O terceiro capítulo é uma etnografia da cidade, dos serviços, dos itinerários. No quarto, analiso os aplicativos e o debate público — inclusive as recusas à PrEP. Alguns interlocutores preferiam a camisinha; outros ouviam que o remédio fazia mal ao fígado. Há muita desinformação.
Mas também há casos como o da Coralina, uma mulher trans, que buscou a PrEP durante sua transição e teve o acesso negado por transfobia. Depois, acabou se positivando.
Esses casos mostram que a adesão não depende só da vontade individual. A PrEP não pode ser pensada como uma prevenção apenas individual — ela precisa ser pensada socialmente.
Thiago – E como a sua pesquisa pode contribuir com as políticas públicas?
Fernando – Ouvindo as pessoas. As que usam e as que não usam PrEP. Porque o debate público se dá de formas diferentes em contextos distintos. Regiões de fronteira, como o projeto PrEP América do Sul tem mostrado, são muito diferentes de cidades como Natal.

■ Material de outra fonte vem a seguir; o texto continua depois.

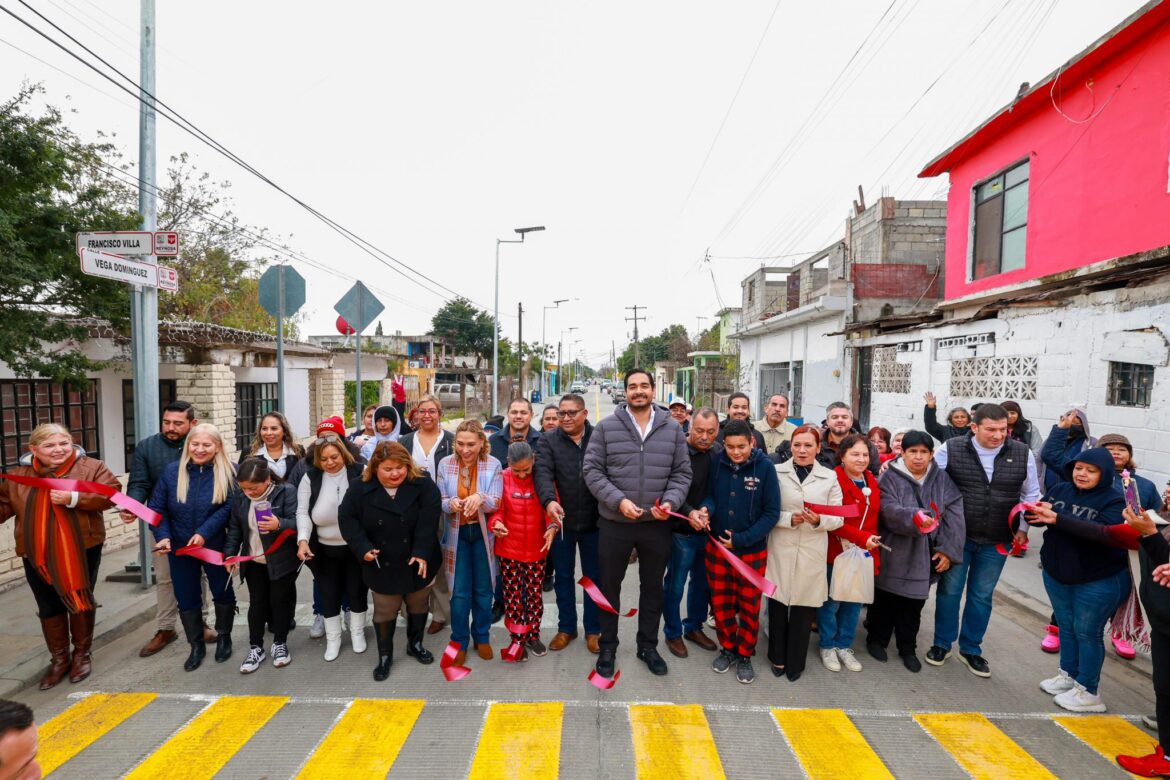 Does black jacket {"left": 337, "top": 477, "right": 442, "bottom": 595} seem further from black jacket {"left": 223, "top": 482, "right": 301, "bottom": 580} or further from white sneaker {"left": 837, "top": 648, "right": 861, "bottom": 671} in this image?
white sneaker {"left": 837, "top": 648, "right": 861, "bottom": 671}

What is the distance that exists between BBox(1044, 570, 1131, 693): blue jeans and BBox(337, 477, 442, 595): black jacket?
4322mm

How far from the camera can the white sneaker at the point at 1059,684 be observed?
12.8ft

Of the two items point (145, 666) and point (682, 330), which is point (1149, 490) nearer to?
point (145, 666)

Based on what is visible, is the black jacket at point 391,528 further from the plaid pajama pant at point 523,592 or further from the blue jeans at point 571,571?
the blue jeans at point 571,571

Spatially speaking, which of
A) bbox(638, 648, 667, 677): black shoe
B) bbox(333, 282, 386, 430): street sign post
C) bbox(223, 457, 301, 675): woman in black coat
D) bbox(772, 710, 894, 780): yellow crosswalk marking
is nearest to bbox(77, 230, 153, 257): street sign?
bbox(223, 457, 301, 675): woman in black coat

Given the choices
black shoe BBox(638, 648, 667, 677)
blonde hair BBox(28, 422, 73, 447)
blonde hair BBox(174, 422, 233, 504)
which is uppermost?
blonde hair BBox(28, 422, 73, 447)

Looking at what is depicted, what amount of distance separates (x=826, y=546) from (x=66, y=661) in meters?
5.49

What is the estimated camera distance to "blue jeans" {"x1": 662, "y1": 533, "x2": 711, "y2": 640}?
177 inches

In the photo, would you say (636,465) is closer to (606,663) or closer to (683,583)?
(683,583)

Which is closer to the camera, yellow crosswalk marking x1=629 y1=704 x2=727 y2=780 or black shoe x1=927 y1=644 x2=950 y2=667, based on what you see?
yellow crosswalk marking x1=629 y1=704 x2=727 y2=780

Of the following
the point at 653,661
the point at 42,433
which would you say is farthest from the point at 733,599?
the point at 42,433

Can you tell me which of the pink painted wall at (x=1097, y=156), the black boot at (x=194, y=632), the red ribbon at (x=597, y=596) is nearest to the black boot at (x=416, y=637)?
the red ribbon at (x=597, y=596)

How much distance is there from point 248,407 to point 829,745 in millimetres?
11339

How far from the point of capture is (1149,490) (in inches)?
176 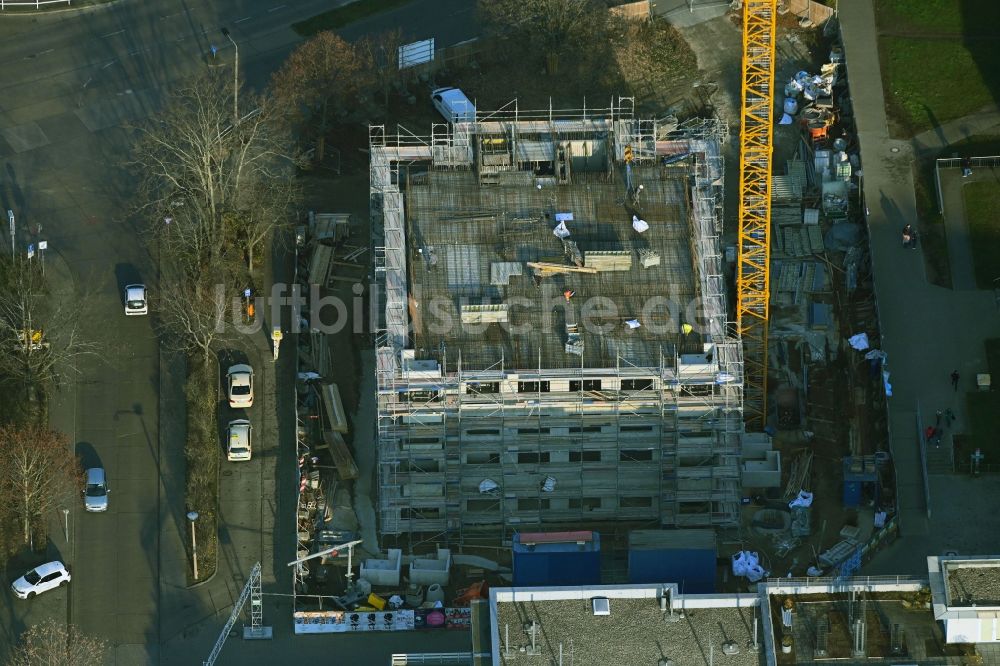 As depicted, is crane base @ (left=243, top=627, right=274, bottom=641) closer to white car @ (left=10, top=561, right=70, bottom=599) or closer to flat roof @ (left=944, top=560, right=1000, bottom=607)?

Por exemplo: no Instituto de Medicina Tropical, um interlocutor relatou que pessoas que pegam PrEP, PEP e antirretrovirais esperam na mesma fila. Segundo ele: “Não por mim, mas para quem vive com HIV, isso quebra o sigilo.”
É um direito. E o sigilo não está sendo garantido. Outra interlocutora sugeriu o uso de fichas com números — em vez de chamar os pacientes pelo nome no hall. Algumas pessoas usavam máscara e óculos escuros mesmo depois do fim da pandemia.
Acho que é isso que a pesquisa tenta mostrar: precisamos escutar mais. E garantir que a política de prevenção seja, de fato, participativa.